AIM OF THE EXERCISE: Leave every picture out and give back the lines below from the first through the line that holds "صورة: العناية بالبشرة", exactly as written.

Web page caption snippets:
++++++++++

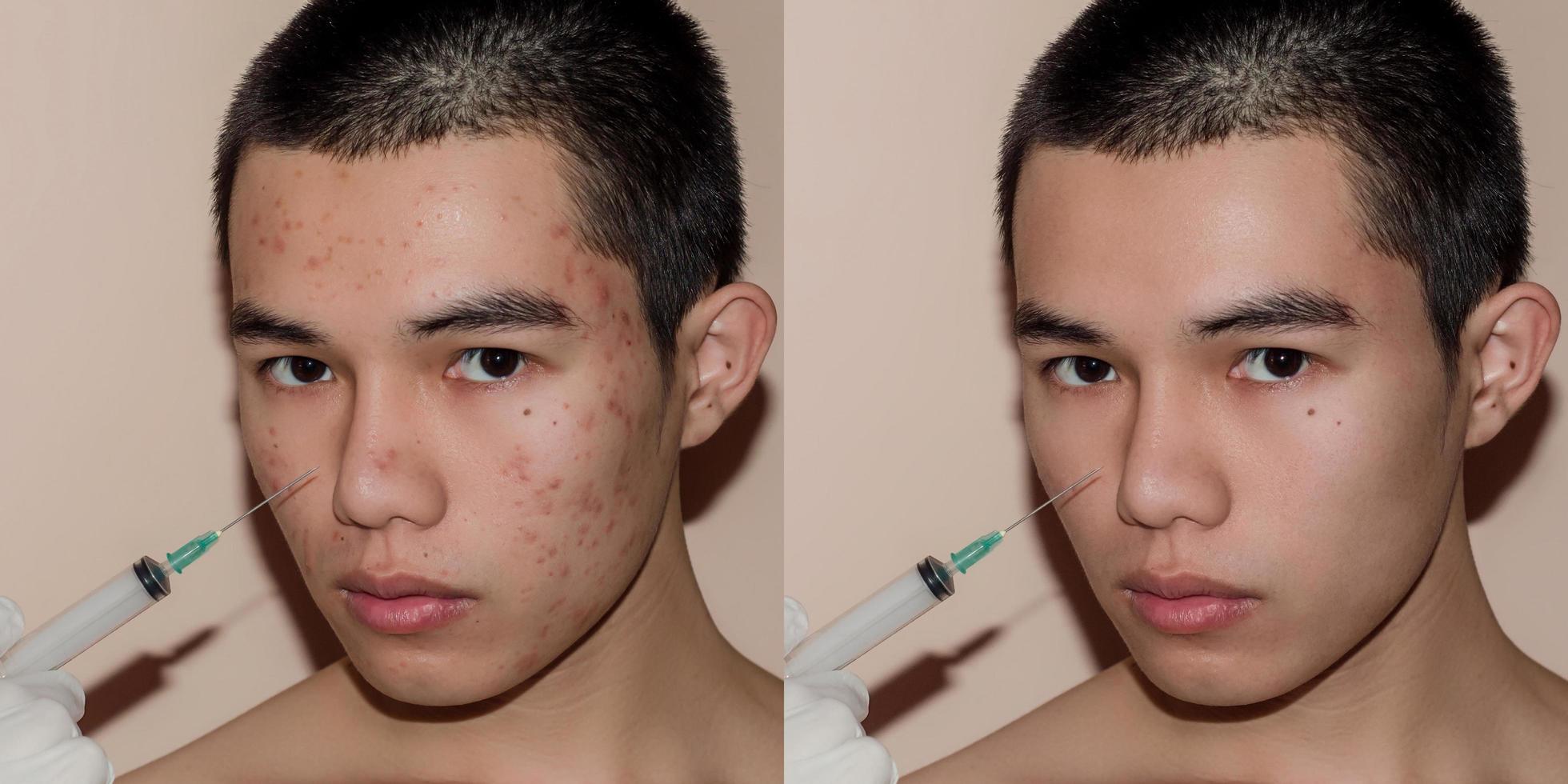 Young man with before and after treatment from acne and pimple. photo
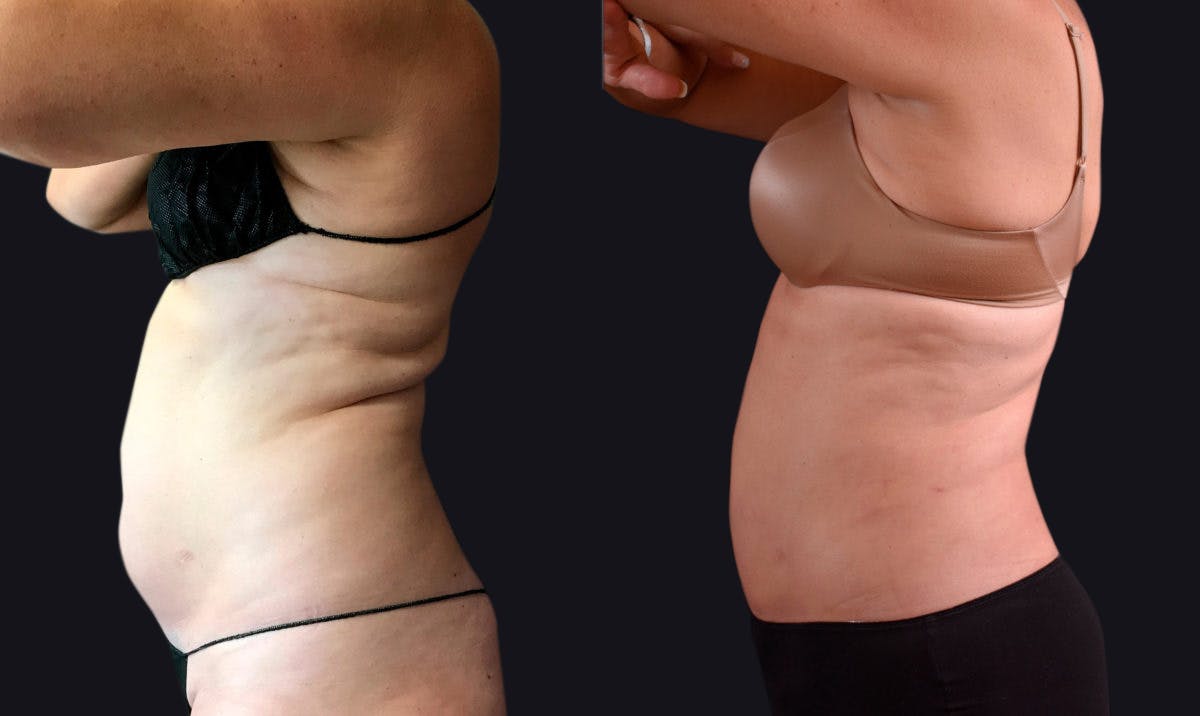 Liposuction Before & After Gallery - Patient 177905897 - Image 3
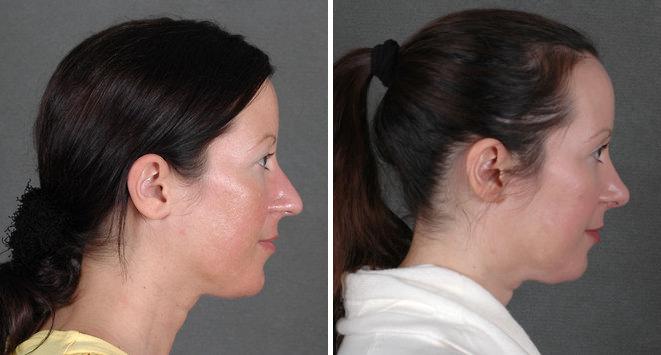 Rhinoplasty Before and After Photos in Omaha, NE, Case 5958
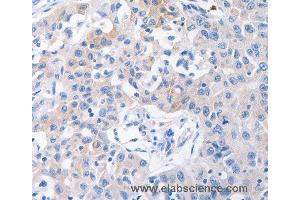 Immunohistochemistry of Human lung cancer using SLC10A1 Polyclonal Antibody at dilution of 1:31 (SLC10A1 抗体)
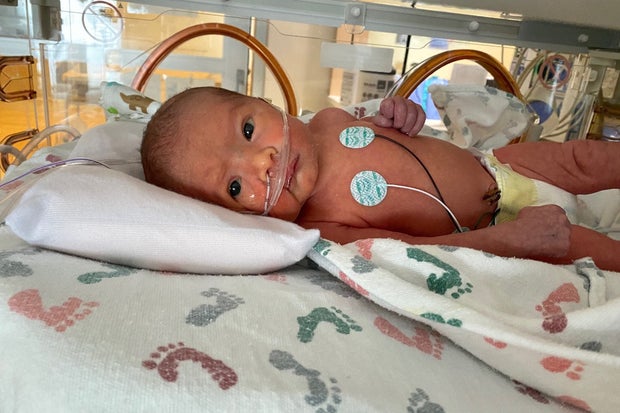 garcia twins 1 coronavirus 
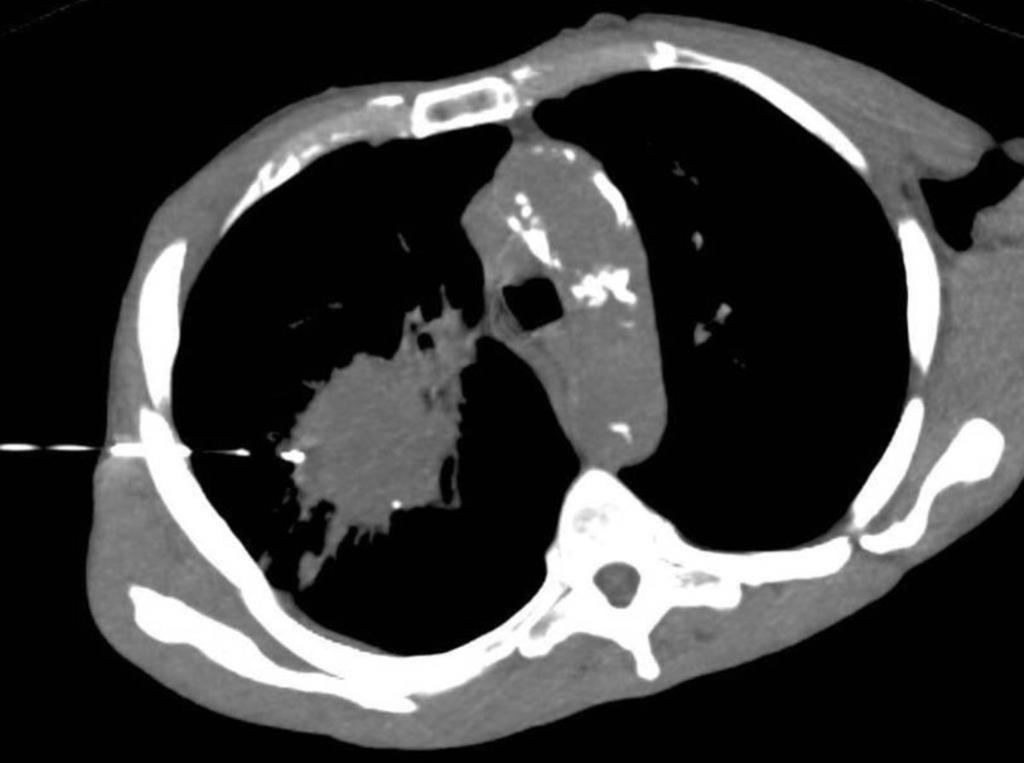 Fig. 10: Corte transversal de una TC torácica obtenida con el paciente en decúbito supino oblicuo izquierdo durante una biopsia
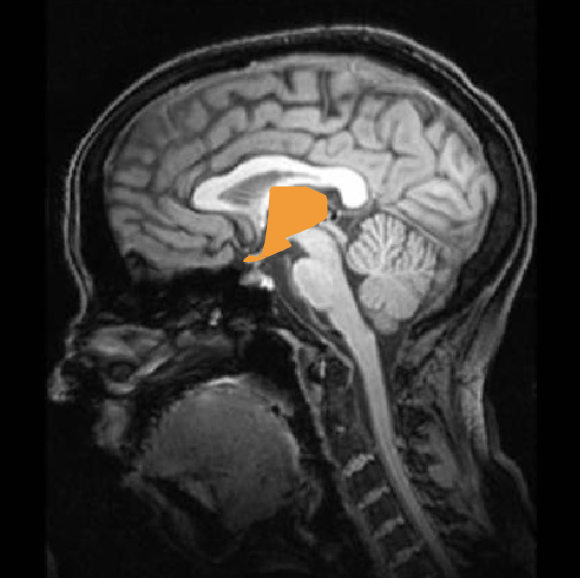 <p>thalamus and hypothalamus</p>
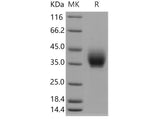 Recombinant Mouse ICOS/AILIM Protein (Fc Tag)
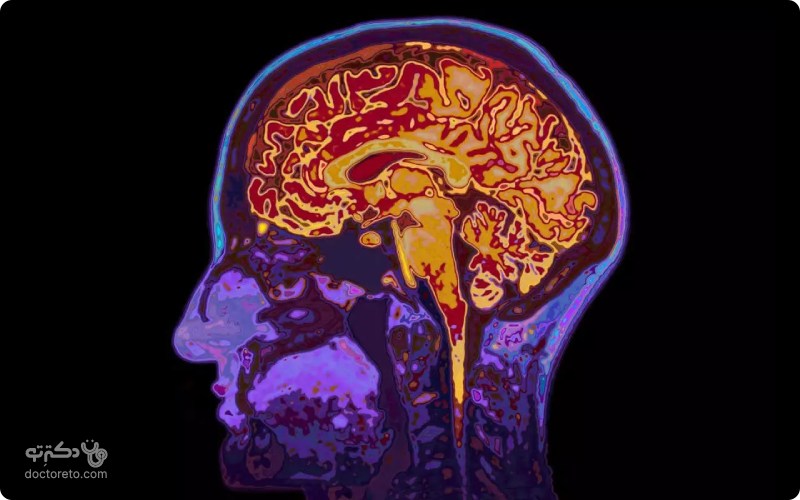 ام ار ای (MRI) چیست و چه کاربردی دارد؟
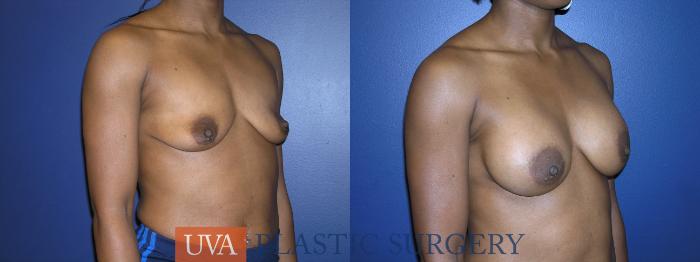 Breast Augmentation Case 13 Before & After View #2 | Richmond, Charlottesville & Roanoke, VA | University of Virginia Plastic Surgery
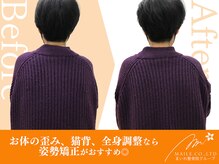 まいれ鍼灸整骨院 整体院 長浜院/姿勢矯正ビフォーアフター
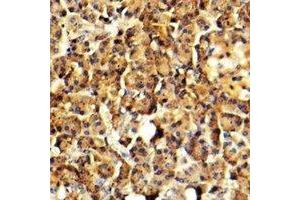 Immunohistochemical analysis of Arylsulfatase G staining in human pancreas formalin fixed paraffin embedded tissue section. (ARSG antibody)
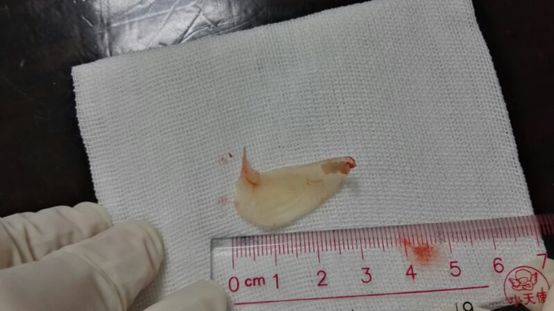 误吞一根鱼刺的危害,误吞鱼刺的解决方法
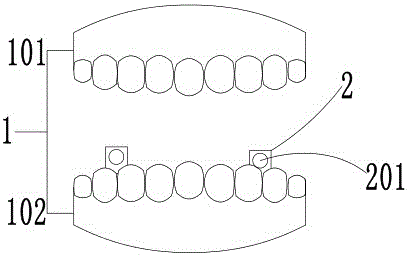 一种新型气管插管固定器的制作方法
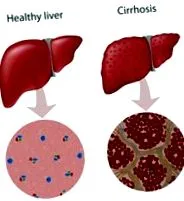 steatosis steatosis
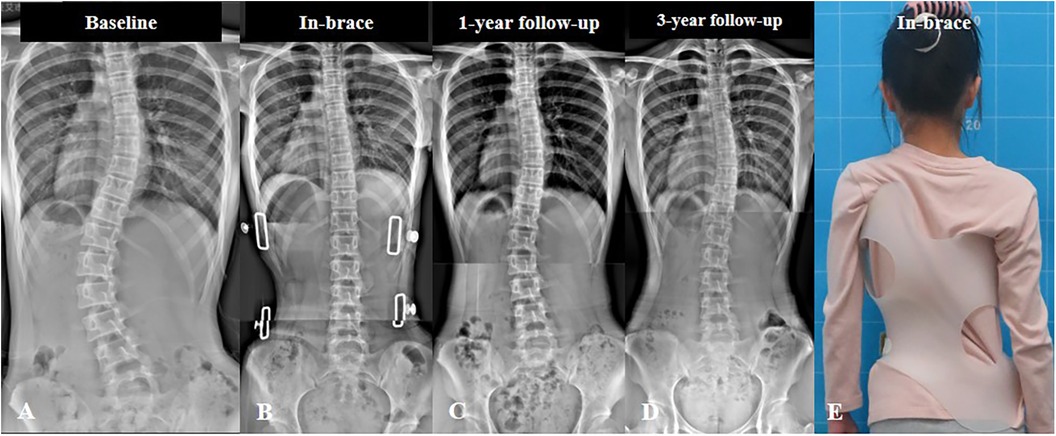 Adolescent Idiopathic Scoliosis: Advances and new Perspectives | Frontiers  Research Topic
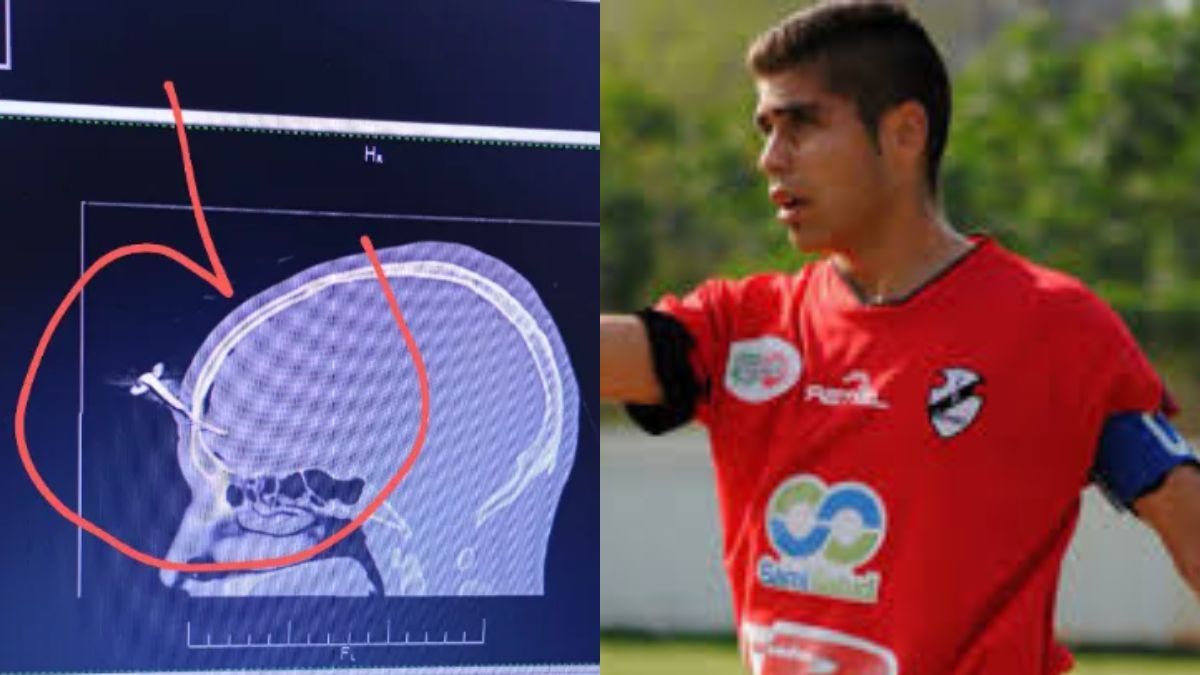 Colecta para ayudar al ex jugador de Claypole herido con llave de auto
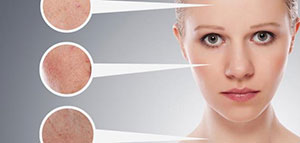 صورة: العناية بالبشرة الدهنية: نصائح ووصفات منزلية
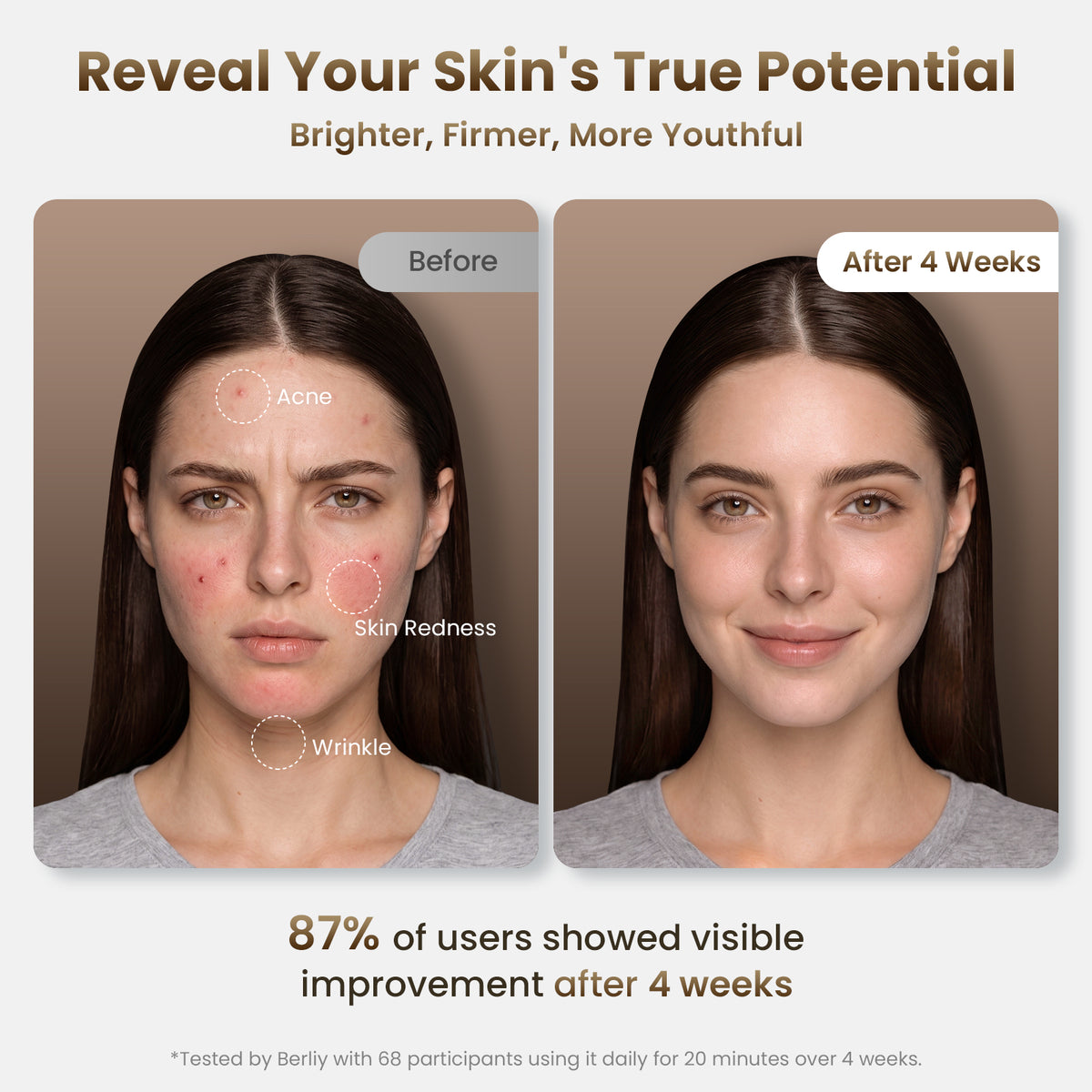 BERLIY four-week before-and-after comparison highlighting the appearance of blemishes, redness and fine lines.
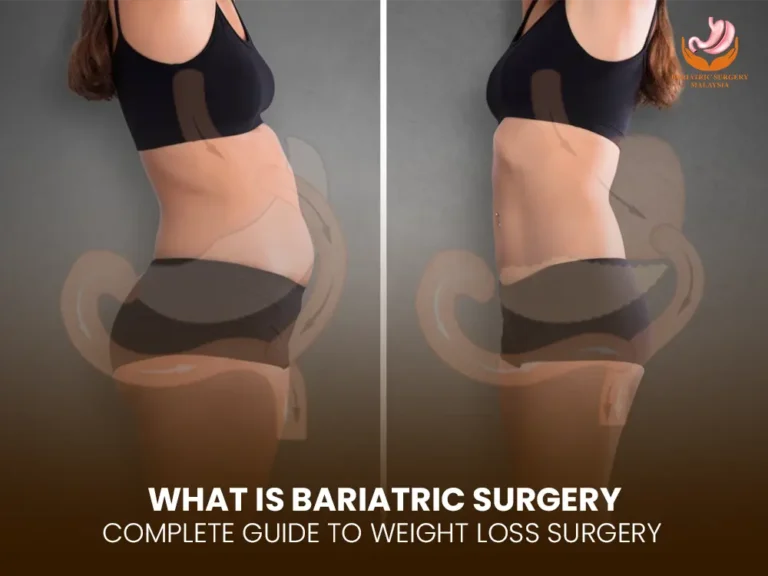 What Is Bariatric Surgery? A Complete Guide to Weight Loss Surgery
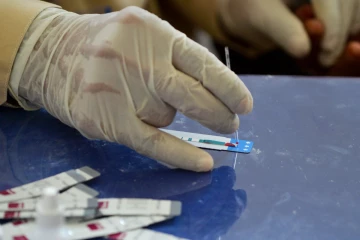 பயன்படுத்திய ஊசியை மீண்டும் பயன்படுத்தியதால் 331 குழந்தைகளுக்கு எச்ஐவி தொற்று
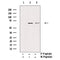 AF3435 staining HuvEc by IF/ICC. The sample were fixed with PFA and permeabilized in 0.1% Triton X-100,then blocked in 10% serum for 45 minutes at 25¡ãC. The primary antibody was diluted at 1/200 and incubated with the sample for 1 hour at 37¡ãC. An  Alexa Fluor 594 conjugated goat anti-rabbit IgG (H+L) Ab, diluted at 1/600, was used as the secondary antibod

++++++++++

YOUR SOLUTION:
 Young man with before and after treatment from acne and pimple. photo
 Liposuction Before & After Gallery - Patient 177905897 - Image 3
 Rhinoplasty Before and After Photos in Omaha, NE, Case 5958
 Immunohistochemistry of Human lung cancer using SLC10A1 Polyclonal Antibody at dilution of 1:31 (SLC10A1 抗体)
 garcia twins 1 coronavirus 
 Fig. 10: Corte transversal de una TC torácica obtenida con el paciente en decúbito supino oblicuo izquierdo durante una biopsia
 <p>thalamus and hypothalamus</p>
 Recombinant Mouse ICOS/AILIM Protein (Fc Tag)
 ام ار ای (MRI) چیست و چه کاربردی دارد؟
 Breast Augmentation Case 13 Before & After View #2 | Richmond, Charlottesville & Roanoke, VA | University of Virginia Plastic Surgery
 まいれ鍼灸整骨院 整体院 長浜院/姿勢矯正ビフォーアフター
 Immunohistochemical analysis of Arylsulfatase G staining in human pancreas formalin fixed paraffin embedded tissue section. (ARSG antibody)
 误吞一根鱼刺的危害,误吞鱼刺的解决方法
 一种新型气管插管固定器的制作方法
 steatosis steatosis
 Adolescent Idiopathic Scoliosis: Advances and new Perspectives | Frontiers  Research Topic
 Colecta para ayudar al ex jugador de Claypole herido con llave de auto
 صورة: العناية بالبشرة الدهنية: نصائح ووصفات منزلية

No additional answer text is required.